### What to produce
Repeat exactly, and only, the lines of the material below from the one that contains "Отель Sai Naam Lanta Residence" through its final line.

### Records to use
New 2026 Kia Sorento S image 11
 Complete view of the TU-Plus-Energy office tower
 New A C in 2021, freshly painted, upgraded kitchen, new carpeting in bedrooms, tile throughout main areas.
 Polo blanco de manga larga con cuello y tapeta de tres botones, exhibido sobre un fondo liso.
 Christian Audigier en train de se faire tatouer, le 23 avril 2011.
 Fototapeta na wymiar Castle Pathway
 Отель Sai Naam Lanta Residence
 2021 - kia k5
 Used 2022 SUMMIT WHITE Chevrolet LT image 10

### Solution to the problem
 Отель Sai Naam Lanta Residence
 2021 - kia k5
 Used 2022 SUMMIT WHITE Chevrolet LT image 10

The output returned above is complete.